In the last two years, according to Morgan Stanley's Stephen Roach, Congress introduced 27 pieces of anti-China legislation; Democratic Senator Byron Dorgan even suggested cutting off normal trade relations with China. Now, the fact that Democrats have the leverage to pass tougher anti-China bills may be forcing the administration's hand, leading the White House to take actions like taxing the imports on paper. The White House's timing "is clearly [designed]...also to tell the Chinese: 'We're going to thump you as a way of trying to head off congressional legislation,'" Gary Hufbauer, a senior fellow at the Peter G. Peterson Institute for International Economics told The Washington Post.
But it's not just Congress and the White House who are beginning to have second thoughts about the U.S.-China relationship. The American business community, long supportive of closer trade ties with China, is starting to fracture, with smaller companies refusing to back economic engagement with Beijing and charging that China is purposefully devaluing its currency. Even larger American companies have grown angry that China has not moved faster toward a true market economy and continues to tolerate piracy--U.S. Trade Representative Susan Schwab says China makes 80 percent of the counterfeit goods seized in the United States. And these big companies may also be realizing that China actually responds to tougher U.S. trade policy. "When confronted in this way China has capitulated," the Peterson Institute's Fred Bergsten told the Financial Times. "The lesson is that perhaps the US should be more aggressive."
Elsewhere in the political sphere, too, the policy consensus may be shifting. Though a recent task force on China by the centrist Council on Foreign Relations supported "integrating China into the global community," it warned that China had failed to protect intellectual property, must let its currency float, and has growing military capabilities that must be counter-balanced. American diplomats, too, have been surprised and sometimes worried by how quickly China has become a sophisticated and powerful diplomatic actor in regions far from its borders, like Africa and Latin America. China's test use of a missile to blow up one of its satellites in January further heightened concerns, since it shows China could hit some of the lower-orbiting American satellites.

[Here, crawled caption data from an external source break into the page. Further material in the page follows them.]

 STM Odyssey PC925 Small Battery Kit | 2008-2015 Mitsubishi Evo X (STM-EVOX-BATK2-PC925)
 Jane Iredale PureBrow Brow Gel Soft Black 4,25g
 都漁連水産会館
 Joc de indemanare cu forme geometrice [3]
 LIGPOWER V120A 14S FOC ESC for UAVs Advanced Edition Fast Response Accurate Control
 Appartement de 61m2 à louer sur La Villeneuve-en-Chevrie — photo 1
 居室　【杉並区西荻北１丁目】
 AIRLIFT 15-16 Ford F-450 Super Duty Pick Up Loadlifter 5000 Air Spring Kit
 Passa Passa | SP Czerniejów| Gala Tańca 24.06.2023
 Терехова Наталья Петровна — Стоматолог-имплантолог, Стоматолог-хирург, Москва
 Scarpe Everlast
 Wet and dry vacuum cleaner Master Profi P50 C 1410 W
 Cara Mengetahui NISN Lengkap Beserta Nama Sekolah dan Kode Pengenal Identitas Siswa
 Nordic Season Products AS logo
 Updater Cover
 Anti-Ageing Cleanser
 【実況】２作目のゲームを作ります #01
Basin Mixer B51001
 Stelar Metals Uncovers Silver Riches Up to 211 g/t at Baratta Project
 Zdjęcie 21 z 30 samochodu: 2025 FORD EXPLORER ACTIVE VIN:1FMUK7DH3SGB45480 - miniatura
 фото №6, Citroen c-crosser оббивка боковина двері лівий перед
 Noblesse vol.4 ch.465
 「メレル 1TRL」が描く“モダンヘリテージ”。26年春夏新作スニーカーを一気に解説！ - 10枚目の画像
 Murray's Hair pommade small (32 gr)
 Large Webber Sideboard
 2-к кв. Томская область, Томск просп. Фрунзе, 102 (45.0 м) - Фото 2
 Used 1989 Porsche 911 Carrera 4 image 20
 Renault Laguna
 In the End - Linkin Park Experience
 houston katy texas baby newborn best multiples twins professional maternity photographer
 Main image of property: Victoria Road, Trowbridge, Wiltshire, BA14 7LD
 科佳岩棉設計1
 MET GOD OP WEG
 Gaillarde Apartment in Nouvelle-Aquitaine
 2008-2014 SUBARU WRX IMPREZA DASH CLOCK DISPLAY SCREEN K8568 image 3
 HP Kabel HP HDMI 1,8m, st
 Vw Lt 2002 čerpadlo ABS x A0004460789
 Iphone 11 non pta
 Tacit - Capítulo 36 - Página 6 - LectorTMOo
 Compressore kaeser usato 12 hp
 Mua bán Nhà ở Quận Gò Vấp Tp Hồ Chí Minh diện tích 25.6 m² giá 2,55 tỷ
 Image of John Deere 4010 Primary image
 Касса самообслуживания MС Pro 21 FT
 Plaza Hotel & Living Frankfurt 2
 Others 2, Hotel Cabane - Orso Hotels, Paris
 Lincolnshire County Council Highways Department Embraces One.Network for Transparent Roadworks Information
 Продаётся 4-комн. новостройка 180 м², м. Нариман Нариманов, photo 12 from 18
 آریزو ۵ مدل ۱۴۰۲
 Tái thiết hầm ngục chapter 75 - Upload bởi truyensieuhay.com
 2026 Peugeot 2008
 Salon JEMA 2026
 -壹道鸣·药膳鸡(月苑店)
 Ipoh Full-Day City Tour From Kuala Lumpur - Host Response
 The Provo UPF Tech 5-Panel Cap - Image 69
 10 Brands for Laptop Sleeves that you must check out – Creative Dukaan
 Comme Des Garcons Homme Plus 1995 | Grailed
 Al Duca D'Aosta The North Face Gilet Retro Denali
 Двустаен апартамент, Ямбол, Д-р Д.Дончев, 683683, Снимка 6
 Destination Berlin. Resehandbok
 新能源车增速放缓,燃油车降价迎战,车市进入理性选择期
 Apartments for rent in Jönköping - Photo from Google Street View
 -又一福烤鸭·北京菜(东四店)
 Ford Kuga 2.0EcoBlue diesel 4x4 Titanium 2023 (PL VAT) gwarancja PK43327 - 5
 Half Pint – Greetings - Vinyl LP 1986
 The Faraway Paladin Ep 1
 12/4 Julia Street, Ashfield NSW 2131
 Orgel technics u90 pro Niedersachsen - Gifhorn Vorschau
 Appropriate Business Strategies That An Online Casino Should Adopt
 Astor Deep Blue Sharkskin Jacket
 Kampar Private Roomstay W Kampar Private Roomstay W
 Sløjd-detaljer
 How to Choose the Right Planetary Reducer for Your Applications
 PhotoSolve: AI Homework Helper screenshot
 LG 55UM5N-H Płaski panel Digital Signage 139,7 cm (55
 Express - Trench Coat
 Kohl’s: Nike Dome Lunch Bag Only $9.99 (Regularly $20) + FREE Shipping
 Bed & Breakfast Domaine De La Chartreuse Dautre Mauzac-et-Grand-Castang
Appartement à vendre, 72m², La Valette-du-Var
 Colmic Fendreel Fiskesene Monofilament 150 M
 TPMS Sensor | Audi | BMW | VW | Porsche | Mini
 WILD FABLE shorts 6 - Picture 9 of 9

Some policy specialists even are beginning to question the central tenet of U.S.-China relations--that continued engagement with Beijing could eventually deliver some political change in China. Recent reports on China by Human Rights Watch show China actually is regressing, with Beijing engaging in its "largest 'clean-up' of protestors and rights activists in years." Prominent China-watcher James Mann's new book The China Fantasy even challenges the idea that the People's Republic is destined for political change over the coming decades. And if China is not changing, U.S. policy just might.